Pictures in the entries below are excluded; copy only the lines from the one containing "Restful Nighttime Sleep" to the one containing "Gucci Screener GG", both included.

INFORMATION SHOWN

****************************************

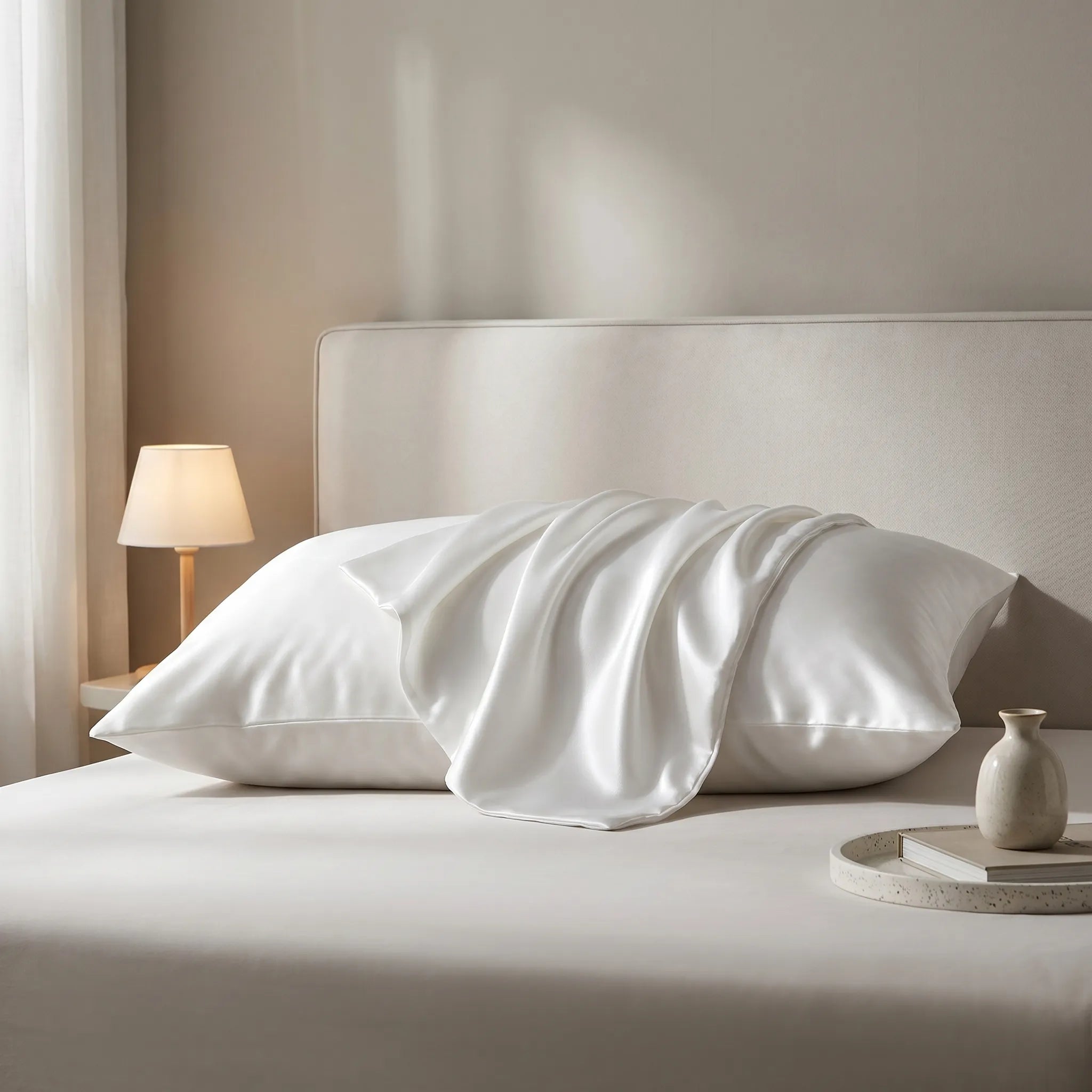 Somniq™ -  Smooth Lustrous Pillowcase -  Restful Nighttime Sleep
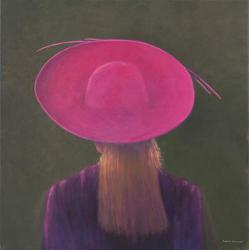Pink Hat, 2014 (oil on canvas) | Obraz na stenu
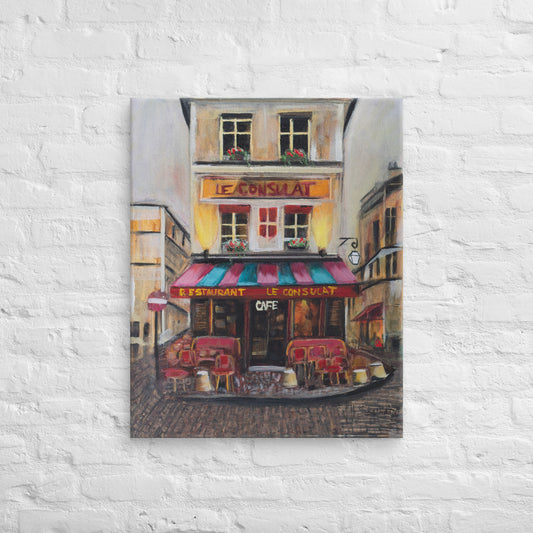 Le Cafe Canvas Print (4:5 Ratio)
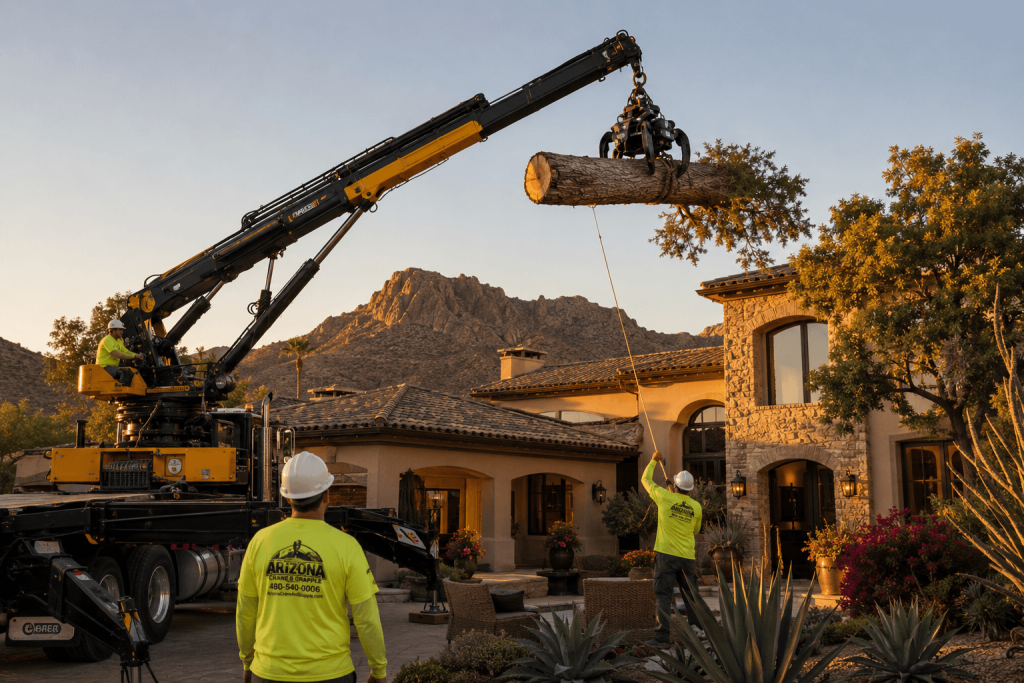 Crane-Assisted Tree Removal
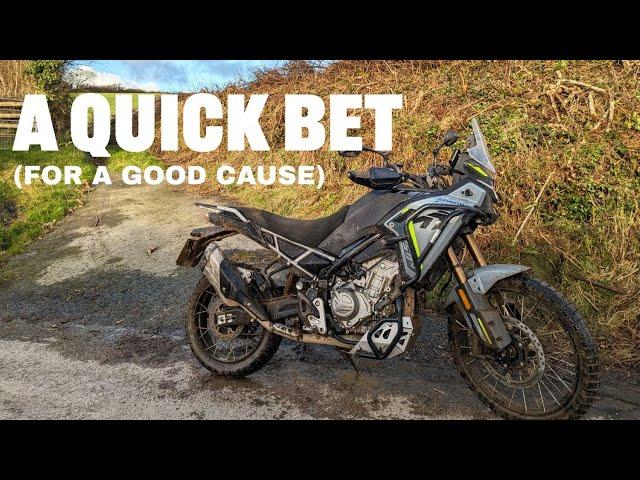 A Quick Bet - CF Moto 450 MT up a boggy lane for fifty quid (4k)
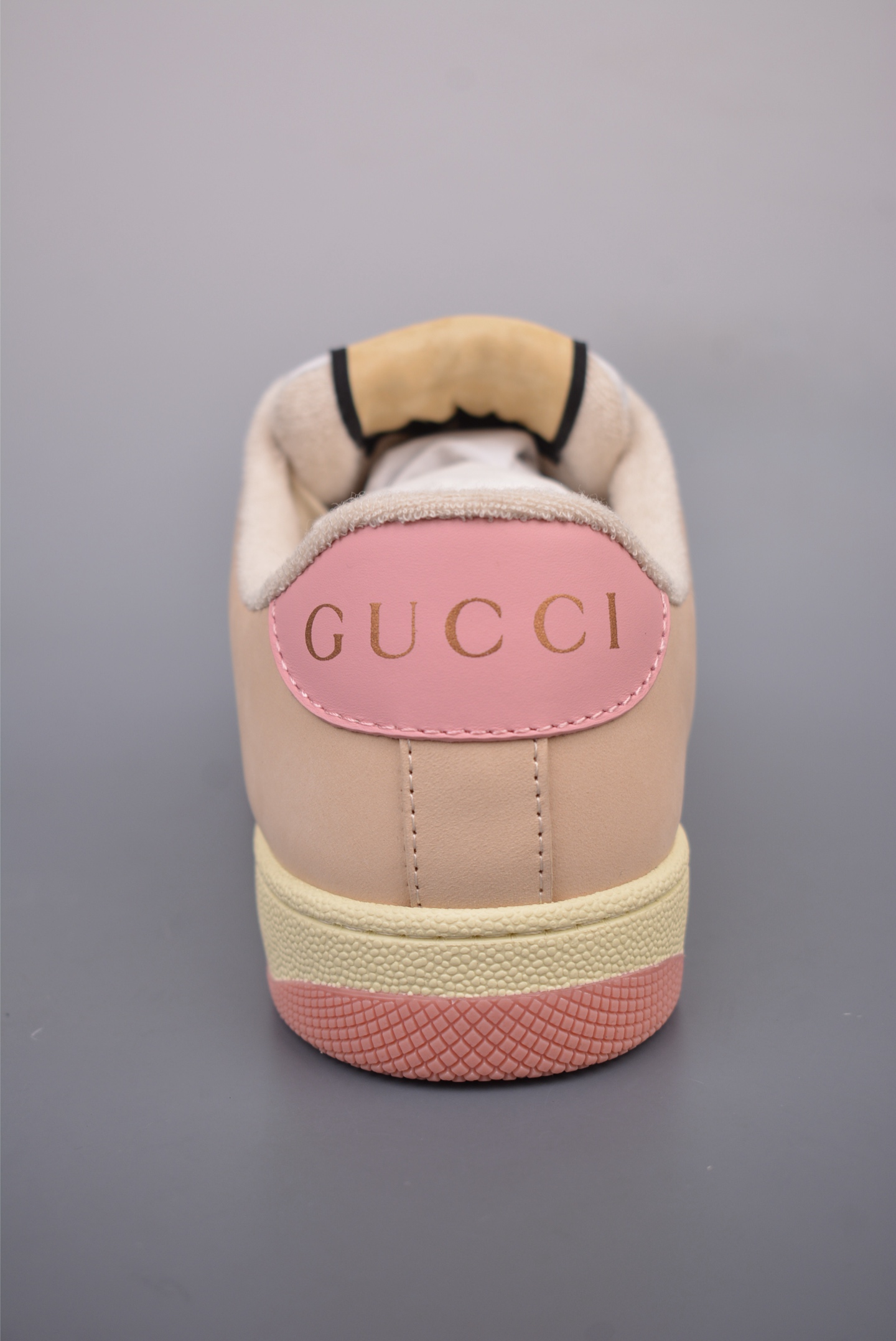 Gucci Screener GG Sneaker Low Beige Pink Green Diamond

****************************************

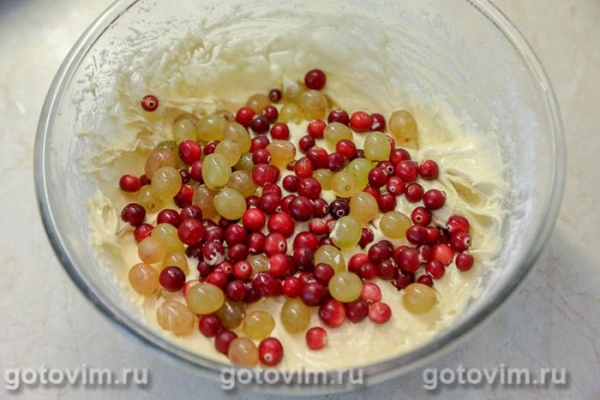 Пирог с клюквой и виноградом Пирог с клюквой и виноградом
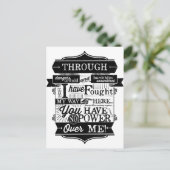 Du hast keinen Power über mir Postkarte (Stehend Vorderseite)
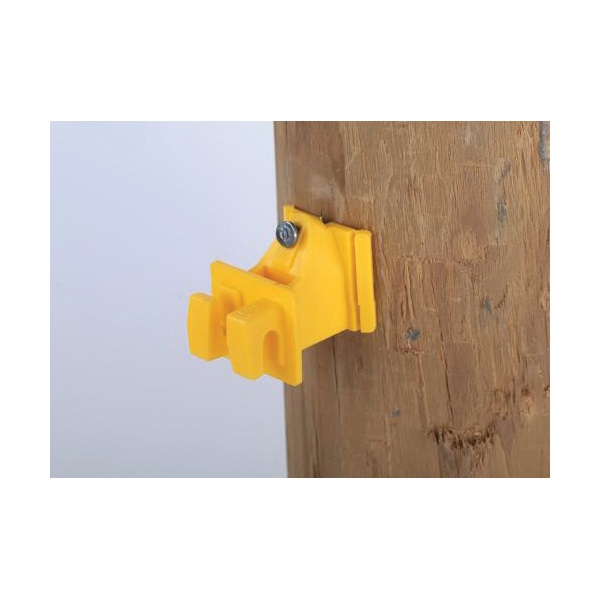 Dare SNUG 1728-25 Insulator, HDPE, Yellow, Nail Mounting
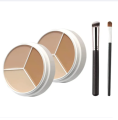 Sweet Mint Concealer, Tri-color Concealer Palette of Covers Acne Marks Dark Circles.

****************************************

SOLUTION BELOW
 Somniq™ -  Smooth Lustrous Pillowcase -  Restful Nighttime Sleep
Pink Hat, 2014 (oil on canvas) | Obraz na stenu
 Le Cafe Canvas Print (4:5 Ratio)
 Crane-Assisted Tree Removal
 A Quick Bet - CF Moto 450 MT up a boggy lane for fifty quid (4k)
 Gucci Screener GG Sneaker Low Beige Pink Green Diamond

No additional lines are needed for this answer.